The quest to move the U.S. off oil has often been compared to the space race, and for good reason; if the country is to wean itself off oil before supplies drop precipitously, it will have to implement an intense moonshot-like program. Enter the Department of Energy's SunShot initiative, a $27 million program to make solar energy as cheap as fossil fuel-generated energy by 2020.
The initiative, announced this week by Energy Secretary Steven Chu, aims to cut the total costs of photovoltaic solar energy systems by 75% to approximately $1 per watt, or 6 cents per kilowatt-hour. Geothermal power currently costs 3.6 cents per kilowatt-hour, while coal goes for 5.5 cents per kilowatt-hour. The DOE's plan could, then, make solar just as attractive as coal.
The SunShot initiative will focus on improving four areas: solar cell technology, electronics to optimize solar system installation, the solar manufacturing process, and installation, design, and permitting for solar systems. This will be achieved in part through government collaboration between the Office of Energy Efficiency and Renewable Energy, the Office of Science, and the Advanced Research Projects Agency-Energy (ARPA-E).
The DOE is also offering up $27 million for nine new solar projects from companies like 3M, 1366 Technologies, Varian Semiconductor, and PPG. The bulk of the cash ($20 million) will go toward improving supply chain efficiency--1366 Technologies, for example, scored $3 million to develop a manufacturing process that cuts down on the cost of producing silicon wafers.

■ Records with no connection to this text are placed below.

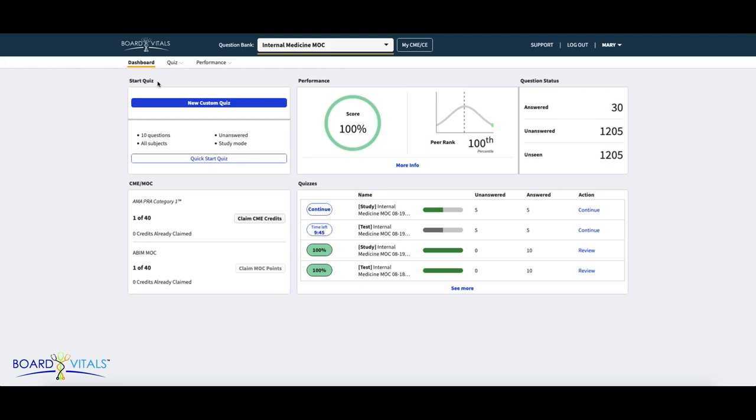You will see that you have two options to choose from. The first is New Custom Quiz. Here, you will be able to customize the quiz mode, difficulty, and subjects for the quiz.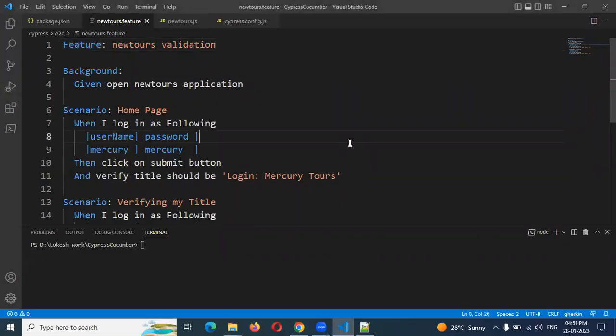Hi friends, welcome to testing tutorials point. This is Lokesh and today we are going to discuss Tags in Cucumber Cypress.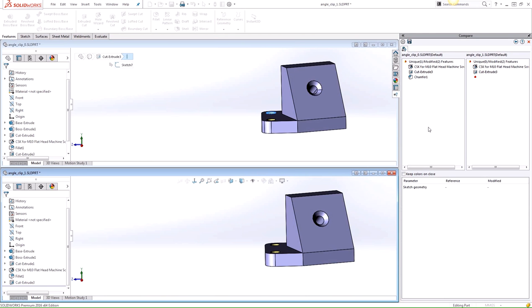So we can see how the Compare Features tool differs from the Compare Geometry tool. Both work great to quickly compare two versions of the same part, but the Compare Features tool works best for comparing parameterized solid features. Be sure to check out our YouTube channel for more helpful tips. Thanks for watching.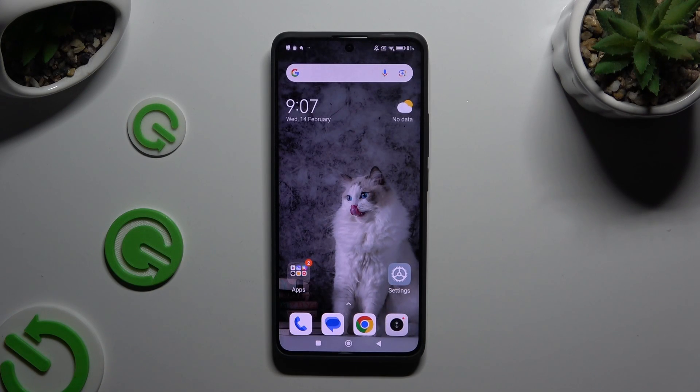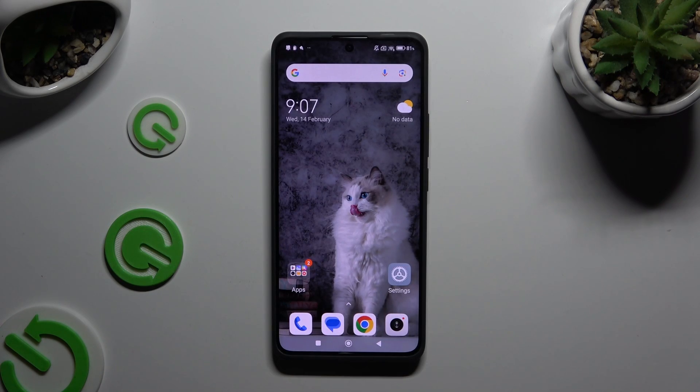In front of me is the Xiaomi Redmi Note 13 Pro Plus, and today I would like to show you how you can delete the Google search bar from the home screen.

The rest of the DOE's money will go toward the agency's Photovoltaic (PV) Solar Incubator Program, which speeds up the development of promising solar technologies. Companies involved include Stion (thin film solar technology), Caelux (flexible solar cell manufacturing), and Crystal Solar (new technology to process thin single crystal silicon wafers).
If the DOE's efforts fail, maybe Google can step in. The search engine giant's RE<C program is aiming to develop one gigawatt of renewable energy capacity, or enough energy to power San Francisco, at a price cheaper than coal through grants, investments, and in-house research and development projects.